It is surprising at first blush that deplibs searches for "foo" and not just what "-lfoo" would do, but it makes sense if you want to allow saying "libfoo.a" in deplibs to avoid matching "libfoo.so" in arcane cases.
So I think just the fix here to make all cases of not-existing-files candidates on search paths be ignored robustly is sufficient. The extra set of candidates that deplibs cases will attempt is tolerable and IMHO it's far preferable to having any more magic in the semantics of the behavior than there already is
lld/ELF/InputFiles.cpp | ||
---|---|---|
119 | This is inaccurate. ENOTDIR is also an expected error for certain cases of a nonexistent path, for example foo/bar/baz when foo/bar is an existing non-directory file is expected to be ignored and not stop continuing to search the next path candidate. The only case when open without O_DIRECTORY returns ENOTDIR is a case that should be treated as equivalent to ENOENT for this use. |
It's not adding more magical rules. The chained findFromSearchPaths and searchLibraryBaseName is replaced with testing just one form.
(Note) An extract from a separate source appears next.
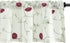 VOGOL White Valances for Small Windows Flowers Embroidered Window Valances for Kitchen Living Room, Rod Pocket, 52 x 18 Inches, Red Flowers, One P...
We can then get rid of llvm::function_ref<bool(StringRef)>.
I would rather keep the search scheme as simple and general as possible. The ".a" and ".so" suffixes are just conventions (not part of the ELF standard). My hope was to make the autolinking scheme implementable by any ELF linker.
LGTM to the proposed fix from me. If memory serves, I experimented with the same approach (as proposed here) when autolinking was first implemented; however, I decided to make the code as minimal as possible and see what fell out from real world usage as It wasn't clear to me what problems build systems would be able to workaround vs which would be blockers.
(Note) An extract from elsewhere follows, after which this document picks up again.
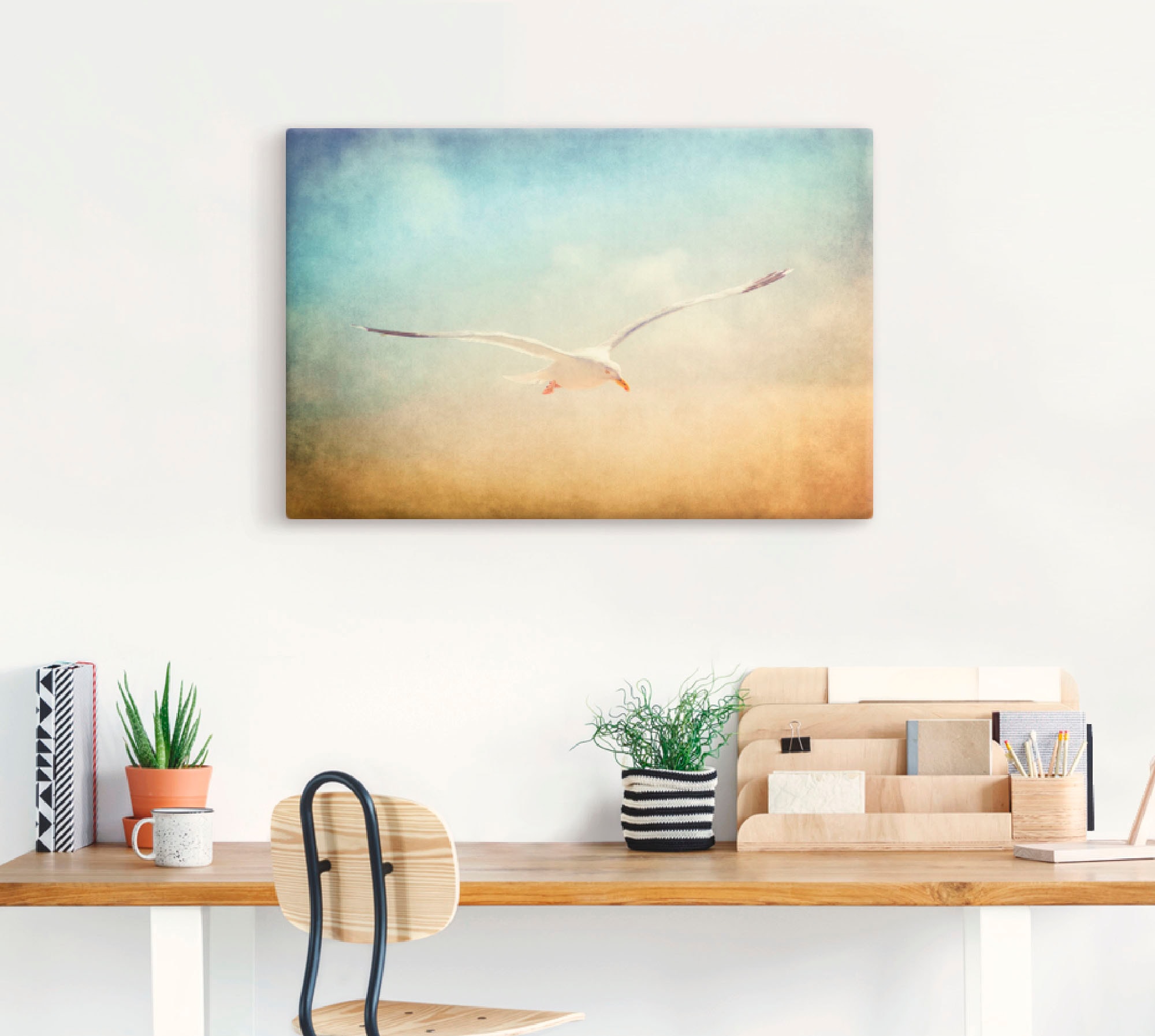 Artland Wandbild »Möwe«, Vögel, (1 St.), als Alubild, Outdoorbild, Leinwandbild in verschied. Größen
If we want to keep minimum code, we can just swap searchLibraryBaseName and findFromSearchPaths branches.
I'd really liked that the feature started with -lfoo (instead of foo) in the first place if it were augmented with the ability to link an arbitrary absolute/relative path, since that is unambiguous.
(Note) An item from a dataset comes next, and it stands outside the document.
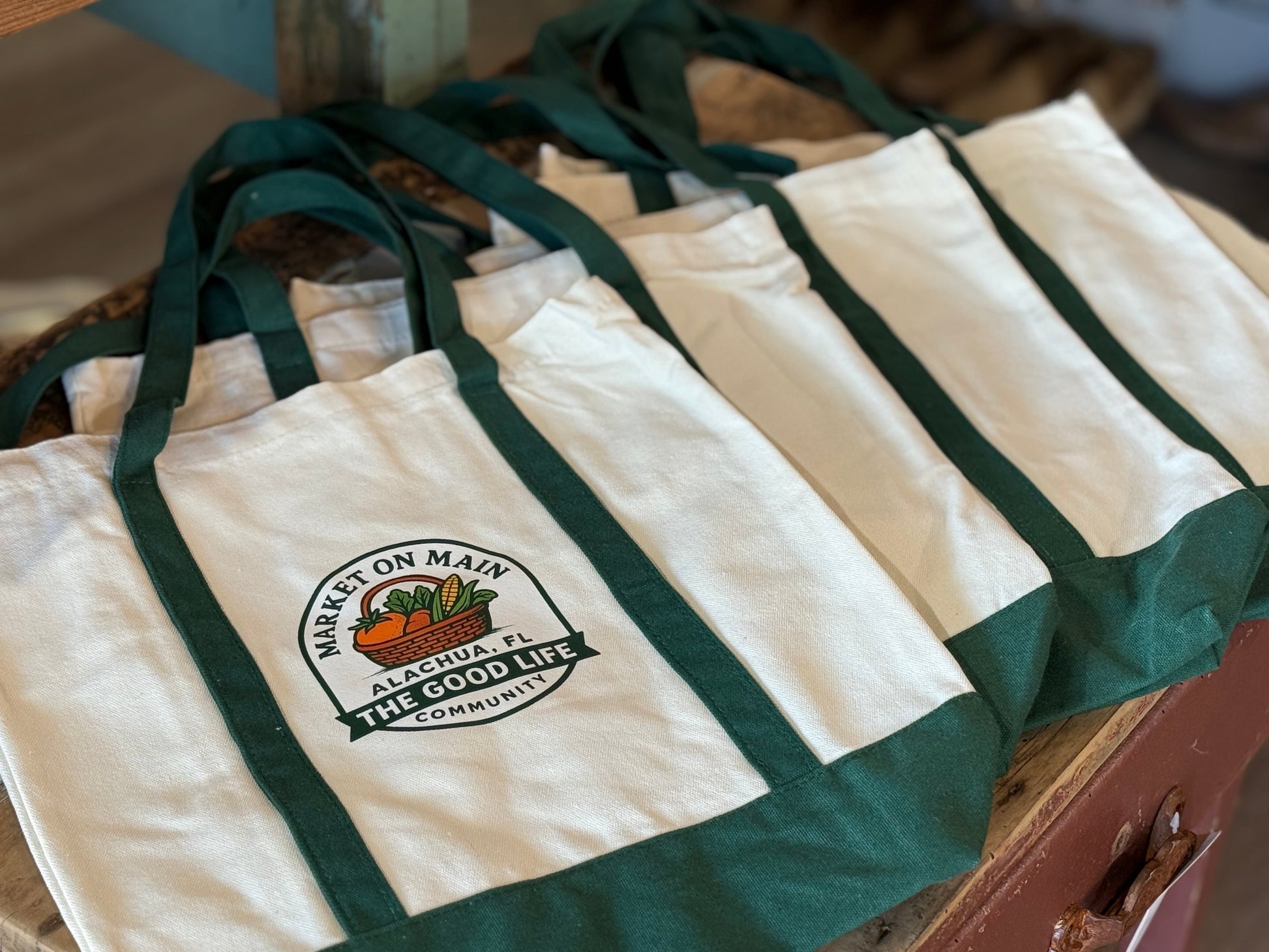 Market on Main Canvas Bag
Perhaps the ship has sailed now.
Have we reached a decision on this? I'd like to land this change since it's currently blocking a Clang roll for us.
Just swap searchLibraryBaseName and findFromSearchPaths branches. It's the simplest/least intrusive fix.
That alone is not sufficient if the directory with the same name exists in the current directory as is the case in the attached test case, since we'll take this branch https://github.com/llvm/llvm-project/blob/249a21ab188419b019adea21716f5c779c063de3/lld/ELF/InputFiles.cpp#L493 and fail.
OK. Then move searchLibraryBaseName to the top. I think the comment https://reviews.llvm.org/D117933#3267443 is also relevant to decrease the number of filesystem probing.
return func(name) || findFromSearchPaths(name, func);